Fake news : « L’initiative doit venir des géants du Web »

LE MONDE – Le professeur en droit européen Alberto Alemanno estime que rien ne sert d’employer la loi contre les fausses informations. Sous la pression de l’opinion, des sociétés comme Facebook peuvent adopter des dispositifs qui contrebalancent l’effet de la désinformation.

Dans une tribune au « Monde », le professeur en droit européen Alberto Alemanno estime que rien ne sert d’employer la loi contre les fausses informations. Sous la pression de l’opinion, des sociétés comme Facebook peuvent adopter des dispositifs qui contrebalancent l’effet de la désinformation.

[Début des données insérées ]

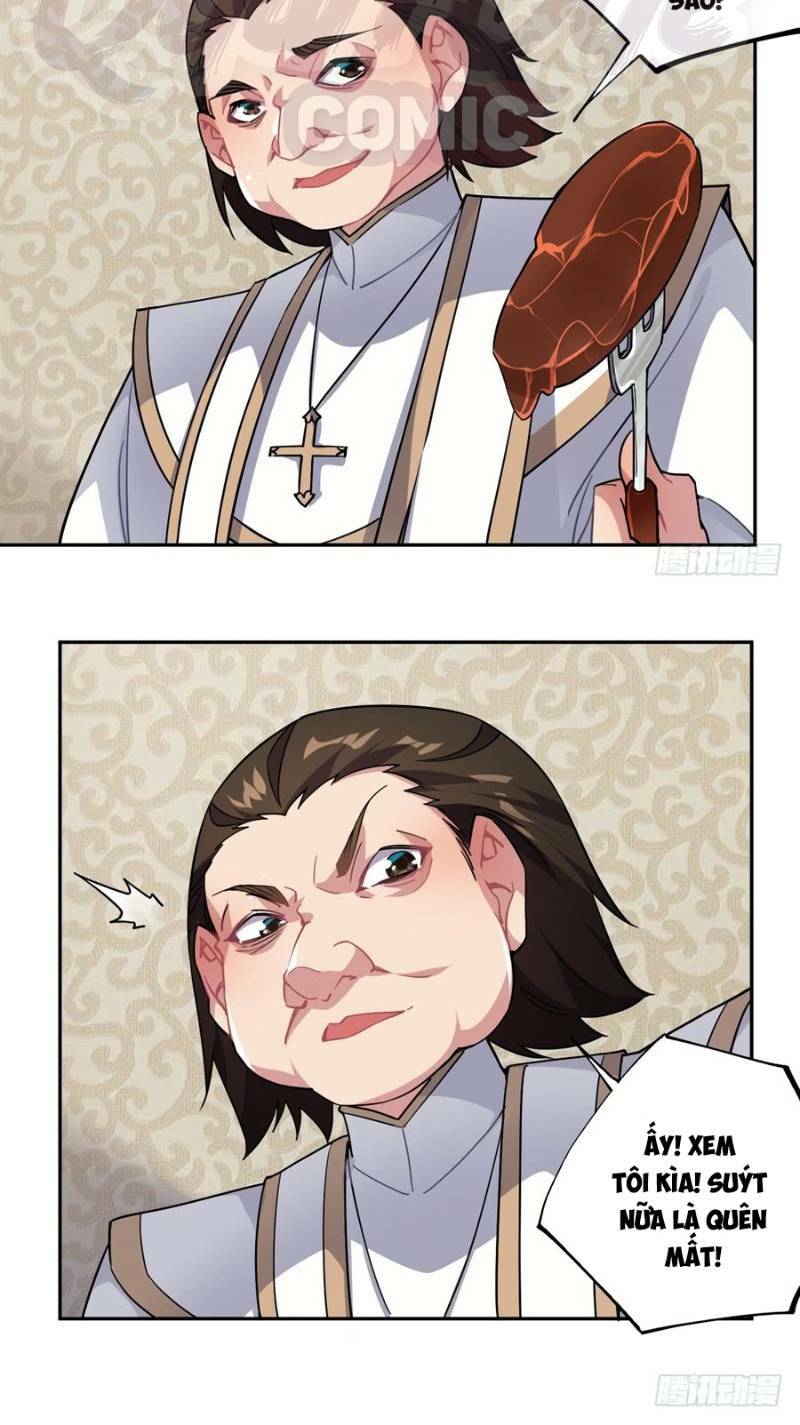 nhặt ma vương về làm nữ hầu chapter 26 12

Les propositions d’Emmanuel Macron pour lutter contre les « fake news »

Sanctions

Le 3 janvier, lors de ses vœux à la presse, Emmanuel Macron a annoncé son intention de faire adopter avant la fin de l’année une loi contre les fausses informations en période électorale. Le président juge que l’actuelle amende de 45 000 euros prévue par la loi de 1881 ne suffit pas. Selon lui, la justice doit pouvoir agir après avoir été saisie en référé afin, éventuellement, d’obtenir le retrait d’articles fallacieux, la désindexation par les moteurs de recherche du site en cause et la fermeture du compte utilisateur coupable. L’accès au site pourrait même être bloqué.

Transparence

Le texte devrait également prévoir une plus forte obligation de transparence pour les sites Web, qui devront rendre publique l’identité des auteurs et responsables de contenus payés. Les montants versés pour ce type d’article seront limités. Les pouvoirs du Conseil supérieur de l’audiovisuel seront par ailleurs étendus afin de lutter contre toutes formes d’ingérences et de déstabilisations de la part de chaînes de télévision sous contrôle d’Etats étrangers.

Pratiques

Emmanuel Macron a également invité la profession journalistique à une réflexion sur ses pratiques. A cet égard, il s’est félicité de « la démarche de Reporters sans frontières d’inventer une sorte de certification des organes de presse respectant la déontologie du métier », qui lui « paraît intéressante et souhaitable ».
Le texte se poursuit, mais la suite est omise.